And one of the reasons why solar is also very prospective in those areas is it may temper some of the reclamation work that we would need to do on the existing mine. You have to remember that we have very large footprints in both of those locations that we're spending 30 or so million a year trying to reclaim. So that's the other element as we go forward there.
Great. Appreciate that. One more if I can, and this is just touching on Sarnia here. I know the conversations with Ontario offtaker are still ongoing. Just with respect to, I think there was a large transmission project that was under consideration that it looks like has been put on hold as of earlier last week. Just curious how that may or may not affect your outlook for Sarnia and re-contracting with the province there.
Yes, we don't think it'll have any impact, candidly. I think what the ISO was looking at doing in Southwestern Ontario, Sarnia, frankly, even thinking of Windsor as we go forward is really predicated on what they're seeing with the progress that they're making on the nuclear refurbishment program that they're going forward. So I think at least all of the discussions that we've had with them would say that there isn't a correlation between the 2 and they are looking to kind of shore up supply of, or secure, I think more accurately supply of electricity into the balance of the decade as a bridge effectively to getting the broader work that they're looking at getting done.
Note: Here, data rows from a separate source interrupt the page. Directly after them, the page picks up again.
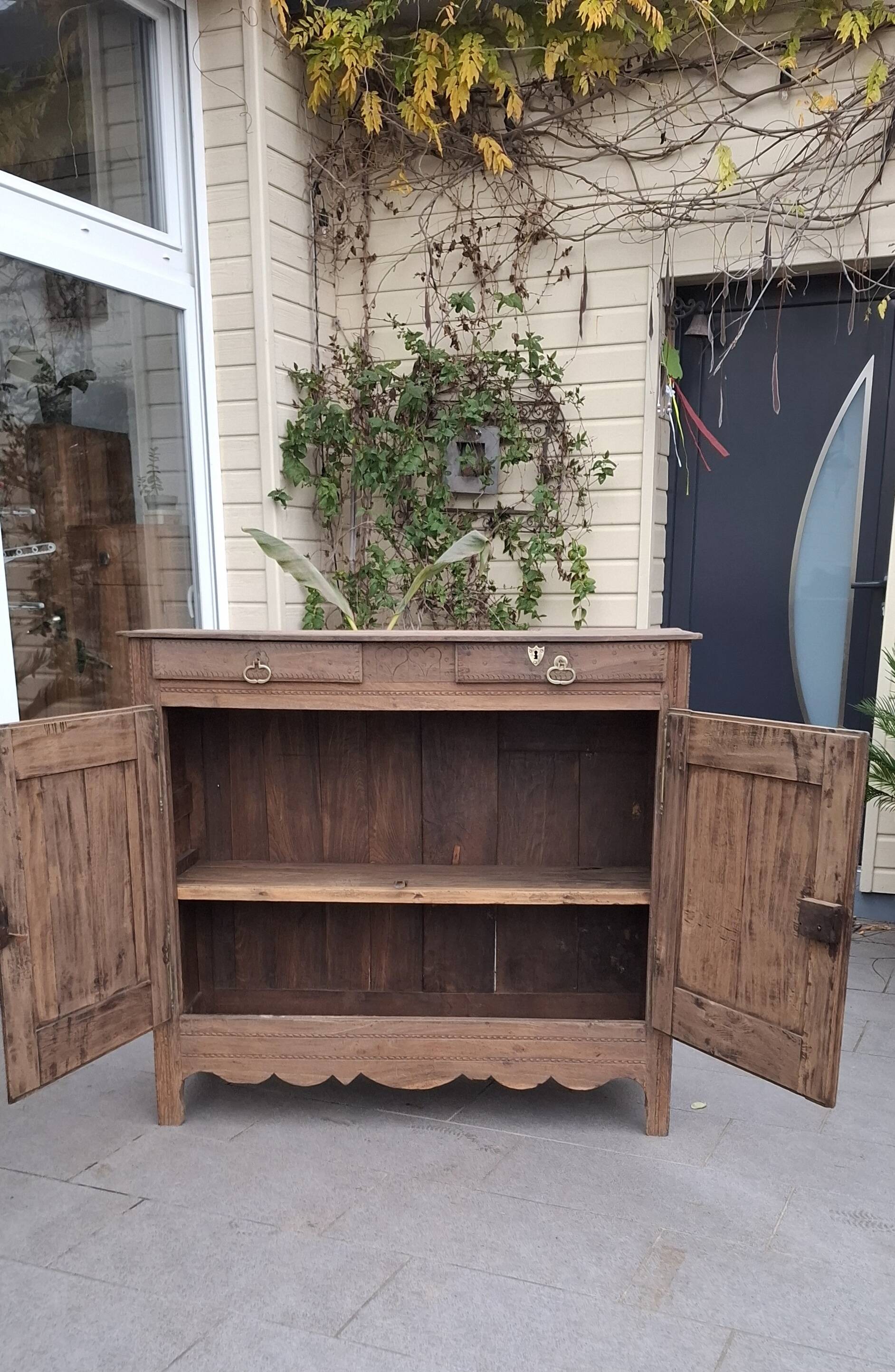 Renovated sideboard from 1839
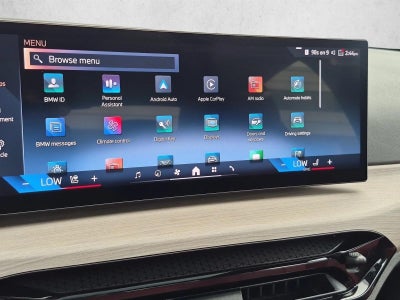 2025 BMW 330i xDrive Sedan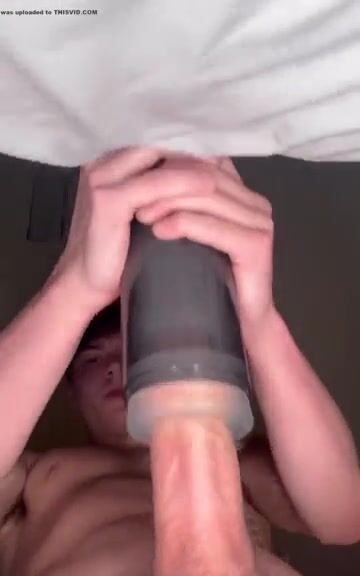 Joven macho destroza un fleshlight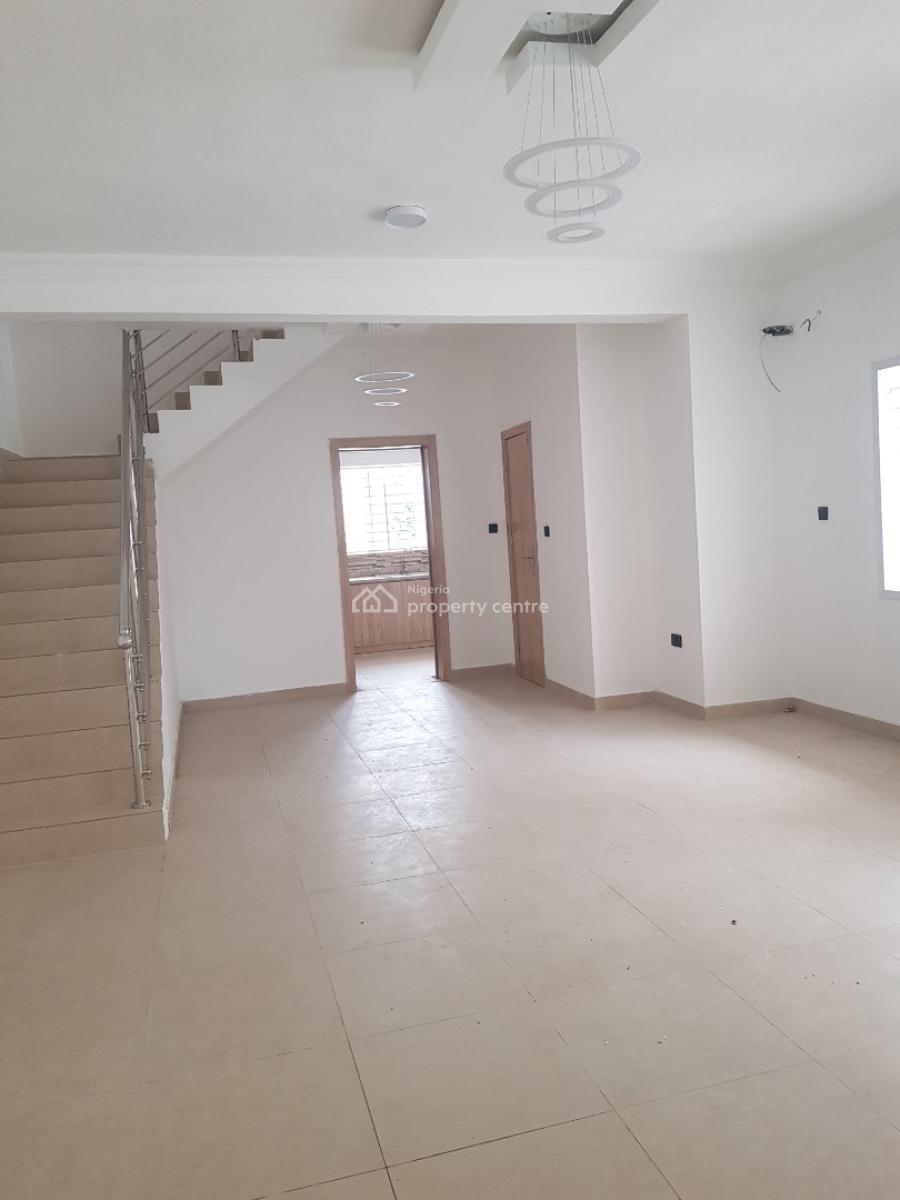 Luxury 2 Bedrooms Maisonettes, Mobil Road, Ilaje, Ajah, Lagos, Flat / Apartment for Sale
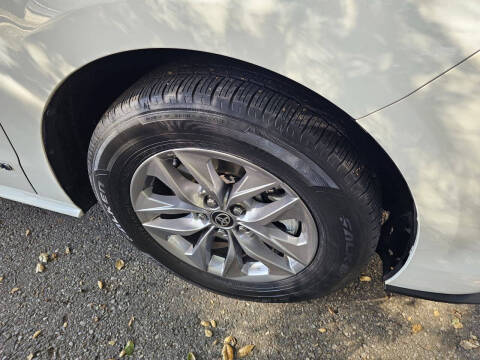 2021 Toyota Sienna LE 8-Passenger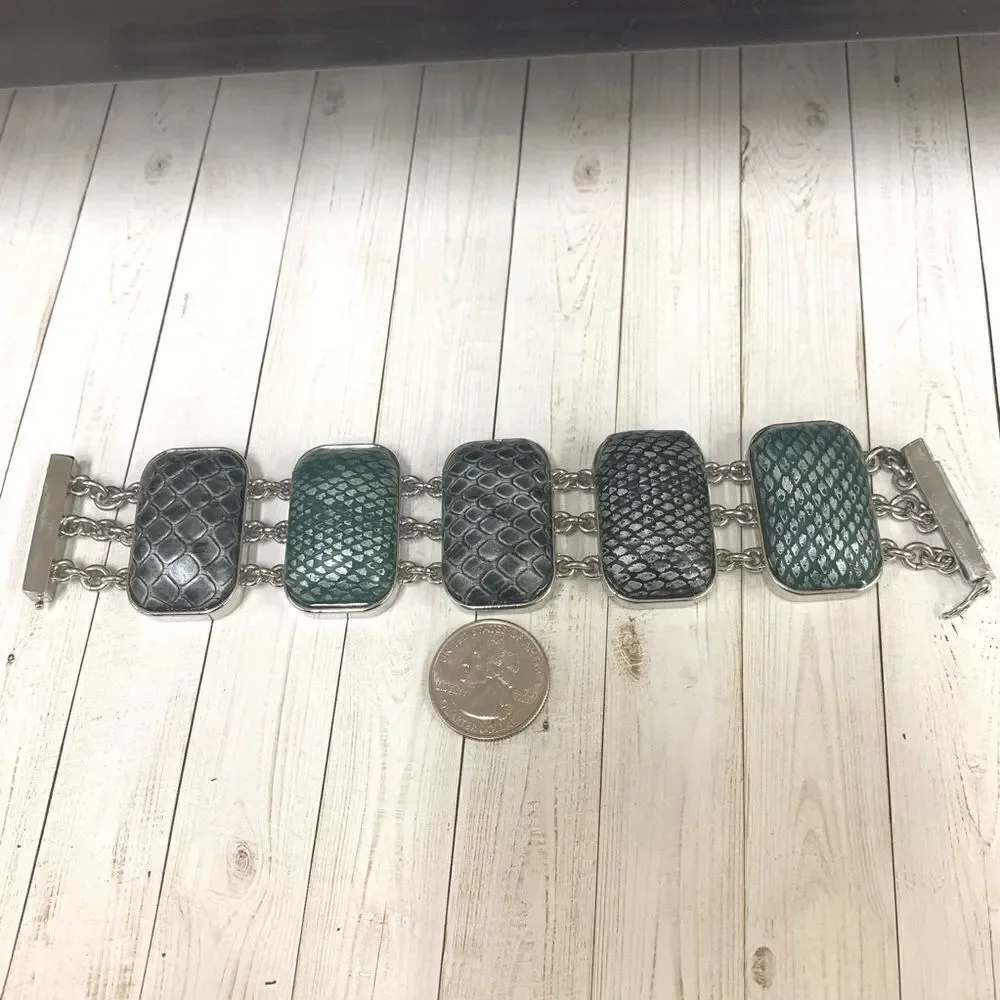 ‎Snakeskin Silver Magnetic Bracelet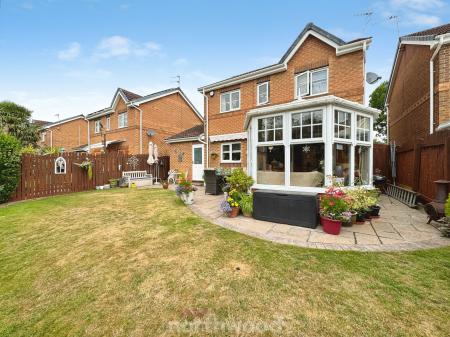 3 bedroom Detached house for sale in Union Road, Thorne, Doncaster, DN8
So I don't think it has any impact certainly on the RFP that we're involved in.
And John, I think the process there is we're expecting, it'll be the ISO, the Ontario government that announces that towards the end of this month.
I think it is the ISO, we're expecting later this month or at the latest early September, but I think it's August is I think what we're thinking of, yes.
Next question comes from Ben Pham at BMO.
I wanted to ask on the Alberta power prices year to date. I know it's really backward looking. What's been driving the better than expected pricing? And then secondly, you'd think with the $95 that's been creeping up too. Why do you think 95 seems reasonable as well?
So in terms of pricing in the year to date, Ben, look, when you look at- and we've had heat rate compression, frankly, this year, pretty significantly. I think when I think of last year, it was at times I'm looking at Todd and Chiara approaching 40 frankly, and this year it's been sub 20 many times during the course of the year. So if you look at gas at, pick a number, $7 and you have a heat rate of 11, you're nudging up towards $77, $80, just for fuel. Add to that increasing carbon pricing, transmission costs, other variable costs for the facility.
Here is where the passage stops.